--- DATASET CONTENT ---

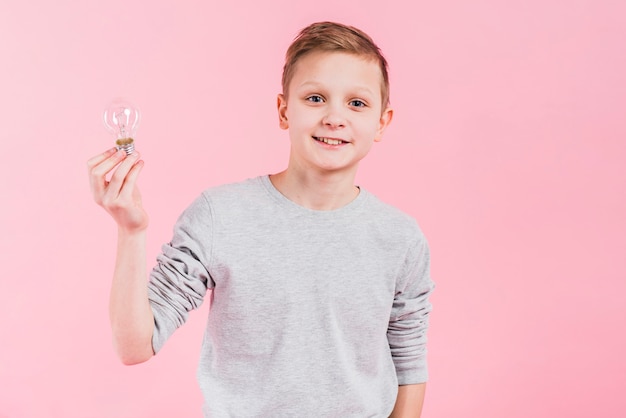 Portret van een glimlachende jongen die gloeilamp houden die in hand zich tegen roze achtergrond bevinden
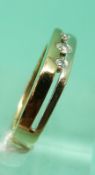 A 9ct gold bi-coloured ring set with three diamonds, 2.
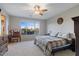 Large main bedroom with a king-size bed and a vanity at 22918 E Marsh Rd, Queen Creek, AZ 85142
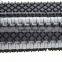 Increased friction flush grid modular belt with rubber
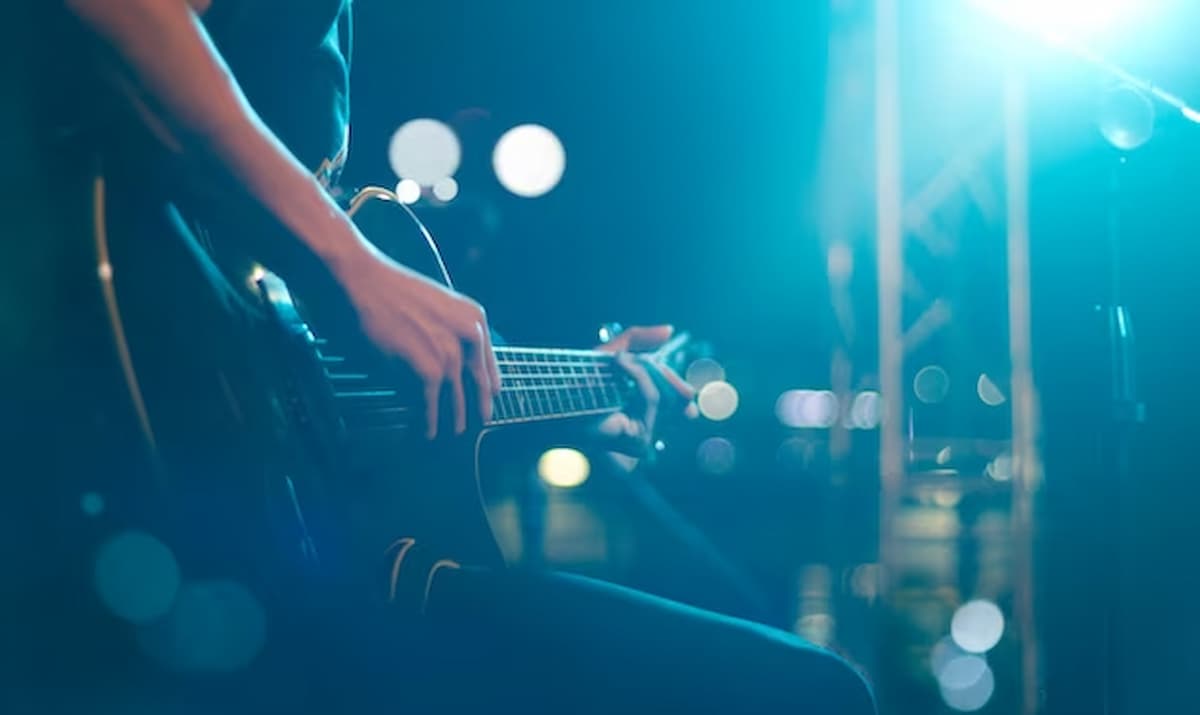 Imagem mostra pessoa tocando guitarra.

---

- **PROBLEM STATEMENT**
Repeat the listing above word for word. Do not include the pictures.

- **EXERCISE ANSWER**
 Portret van een glimlachende jongen die gloeilamp houden die in hand zich tegen roze achtergrond bevinden
 A 9ct gold bi-coloured ring set with three diamonds, 2.
 Large main bedroom with a king-size bed and a vanity at 22918 E Marsh Rd, Queen Creek, AZ 85142
 Increased friction flush grid modular belt with rubber
 Imagem mostra pessoa tocando guitarra.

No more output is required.